Прошло некоторое время, прежде чем я начал улавливать смысл. Сведения из Киева, которые я сообщил Ашенбреннеру в Москве, оказались тогда настолько «горячими», что немецкое посольство безотлагательно сообщило их в Берлин и указало, кто явился источником. Вплоть до того времени я был поразительно невежествен в методах великих держав докладывать полученные сведения. В шведской системе докладов источники очень часто обозначались как «мое доверенное лицо». Все проходило под знаком частности. Если такое лицо хотело быть анонимным, это уважалось. Но, как выяснилось, совсем иначе принято в зарубежной службе великих держав: доклад должен быть абсолютно исчерпывающим и точным. Уважение к анонимности равно нулю.

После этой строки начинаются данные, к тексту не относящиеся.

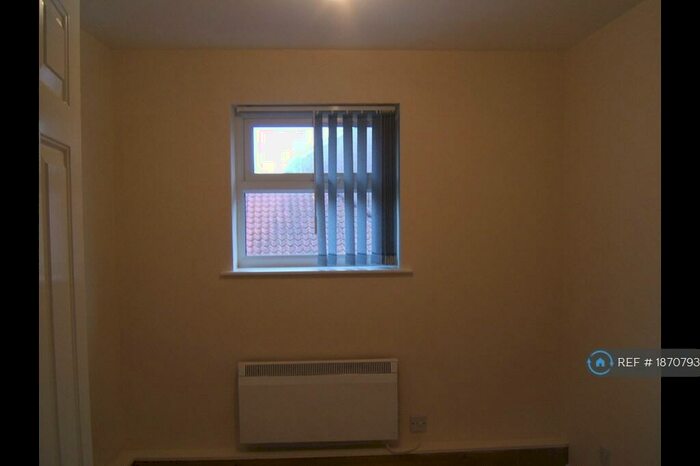 2 Bedroom Flat To Rent In Grove Hill, Hessle, HU13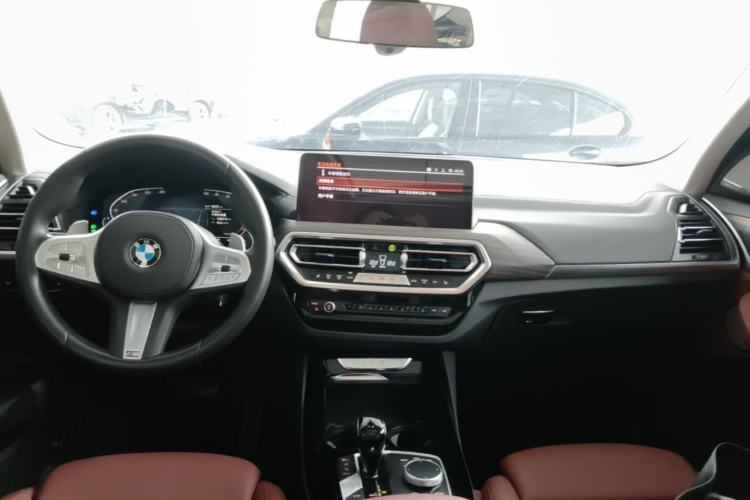 Used BMW X3 2023 Restyled xDrive30i Leading Edition M Night Sky Package Center Console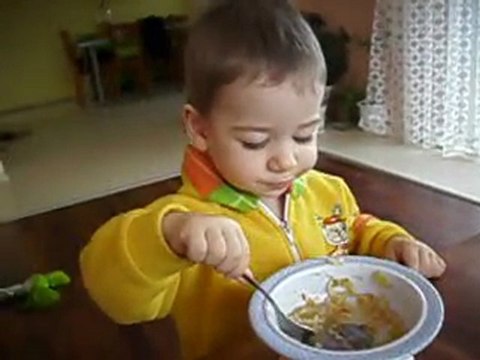 Борко вече се храни сам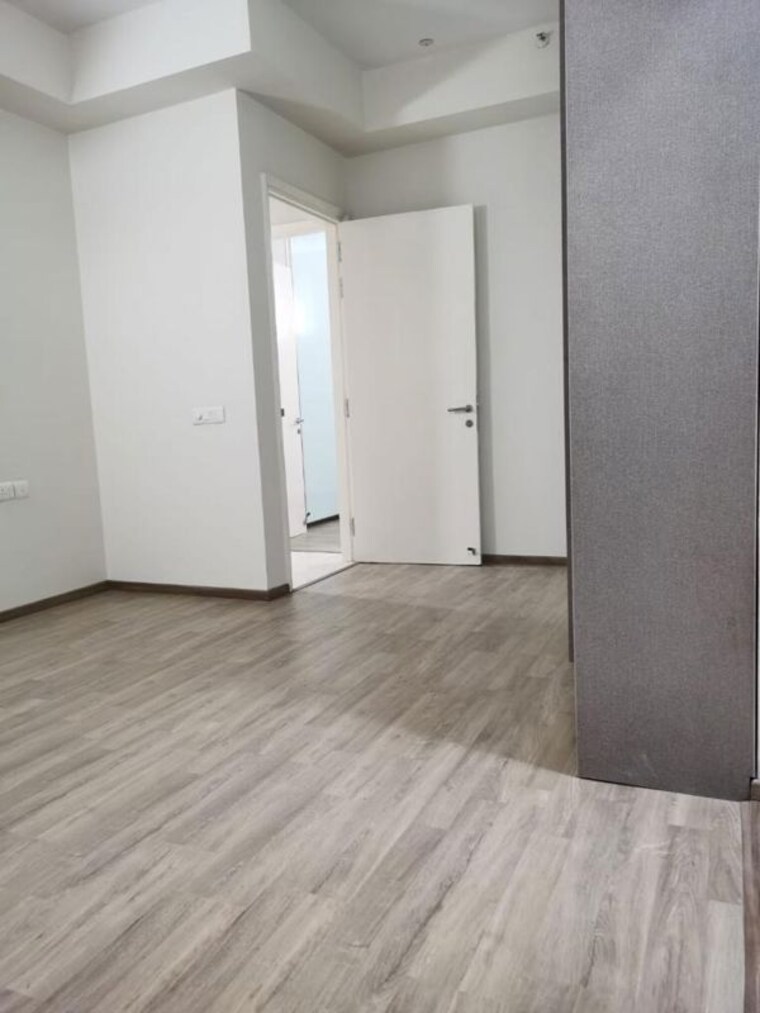 Room, ireo-victory-valley 3.5 Bedroom 2350 Sq.Ft. Apartment In Sector 67 Gurgaon 10137078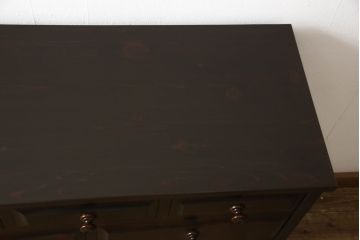 中古　北海道民芸家具　天板リメイク　シックな色合いで落ち着いた空間を演出するサイドボード(キャビネット、収納棚)(R-057702)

Кто-то, видимо, доложил в штаб-квартиру немецкой зарубежной службы, что в Москве я поставлял им ценные для того периода сведения. Полагаю, немцы решили, что то же самое я мог бы делать и в Стокгольме, во всяком случае было совершенно ясно, что их представителям в шведской столице приказано восстановить связь со мной. Это они и делали способом, который, право же, мог бы быть и не таким прямолинейным:
– Что говорят русские? Что происходит в Советском Союзе? Ну, и с русской стороны то же самое, но только менее резко:
– Как твои немецкие знакомые?
Так, в силу сложившихся обстоятельств, я и осуществлял это странное посредничество. Но ничего значительного не произошло до конца 1943 года. До того момента, когда русские, вроде бы «пробалтываясь» то здесь, то там, стали организовывать «утечку» информации. Фронты начали стабилизироваться, и уже ходили слухи об интересе русских к переговорам и сепаратному миру. Возможно, даже в наши дни никто с уверенностью не скажет, было ли такое намерение серьезным или преследовалась цель воздействовать на США, чтобы получить желательно большую военную помощь. По крайней мере, достигнутой оказалась именно эта цель. Когда однажды мадам Коллонтай собралась посетить лагерь своих интернированных соотечественников, я был официально выделен ей в качестве сопровождающего офицера. Естественно, я не мог избежать приватной беседы, которая произошла у нас с ней в присутствии военного атташе, полковника Николая Никитушева. Не будь его, я бы никогда не подумал, что встреча организована специально. Помню, у него имелась своеобразная привычка, не очень соответствовавшая его серьезному положению: щуриться и растягивать лицо в разные гримасы при упоминании о чем-нибудь необычном. Это придавало чертам некую юморную хитроватость.